The Bell

Caribbean Poetics in the Work of Julien Creuzet

SYMPOSIUM | April 10–11, 2025

Caribbean Poetics in the Work of Julien Creuzet expands the artist’s multimodal exhibition Attila cataract your source at the feet of the green peaks will end up in the great sea blue abyss we drowned in the tidal tears of the moon currently on view at The Bell / Brown Arts Institute. Central to the symposium, interdisciplinary discussions will explore Caribbeanness and the Black diaspora through Julien Creuzet’s dynamic use of film, sculpture, music, performance, and poetry. Through an evocative blend of various materials and digital media, his artwork extends an irresistible invitation to an intense sensory experience, opening pathways for reprieve and embracing multiplicity in meaning. Creuzet’s work vividly conjures the fractured yet interconnected threads of diasporic narratives, mapping identities shaped by displacement and belonging. Water—the seas and oceans—flows through his vision, bearing the weight and wonder of history and reflecting the ceaseless tides of people, ideas, and forms. He navigates across geographies, weaving references from the Caribbean, Latin America, and West Africa into poetic resonances. 
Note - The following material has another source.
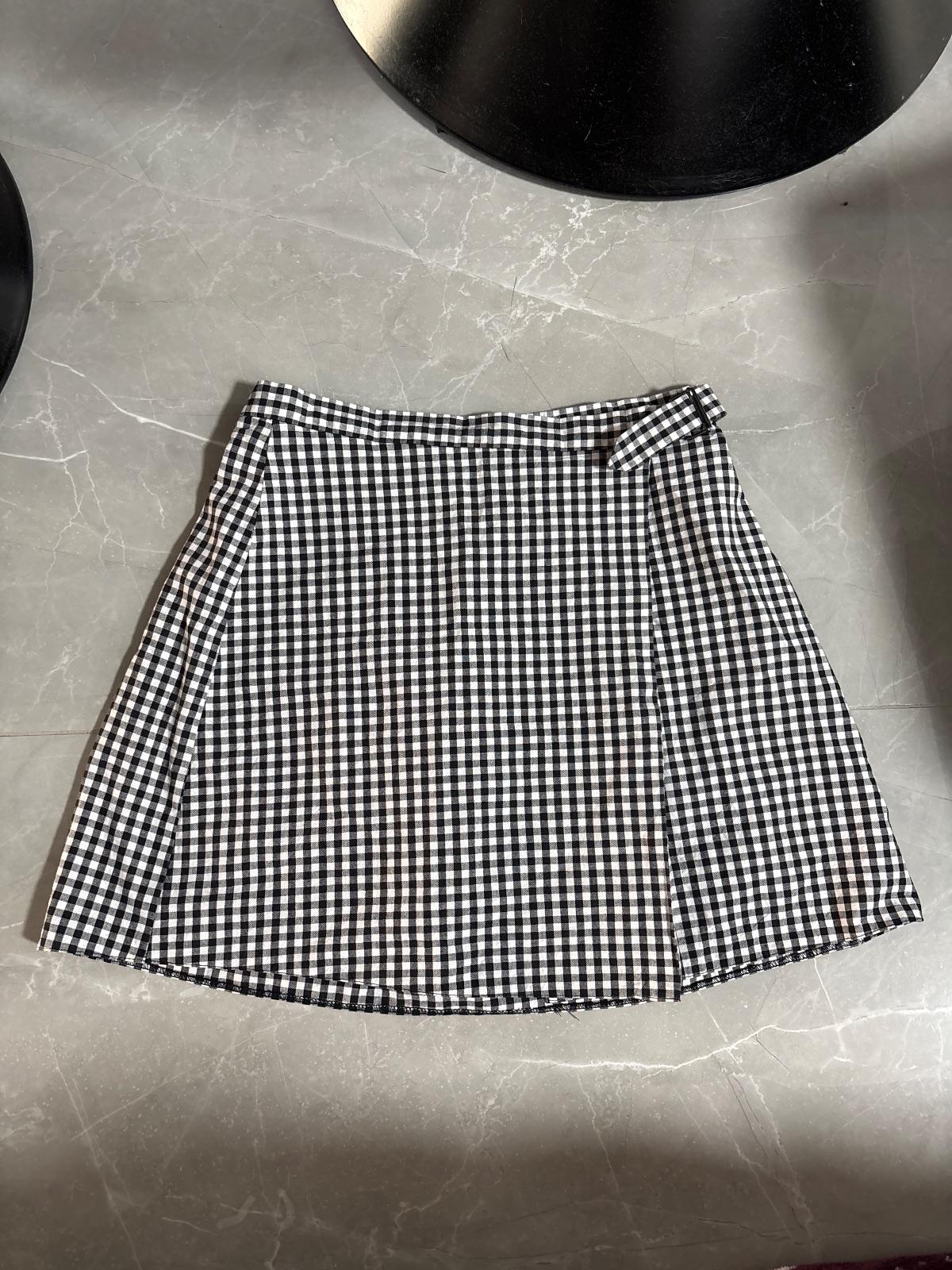 חצאית משבצות שחור לבן ASOS DESIGN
Participants will critically examine themes of Créolité, Hauntology, the Anthropocene, Movement and Gesture, Sound Studies, and Visual Art contextualised through Creuzet’s distinct approach to hybrid forms, linguistic layering, and multisensory experiences. Drawing from influences such as Surrealist traditions, Afro-Caribbean forms and theories, and philosophical thought, the symposium will highlight Creuzet’s critical challenge to traditional Western aesthetics and narratives. This dialogue aims to unpack the nuanced ways Creuzet practices a distinct approach to contemporary artistic expression, emphasising how his formal and technical methods facilitate deeper insights into understanding contemporary artistic practice and cultural critical expression.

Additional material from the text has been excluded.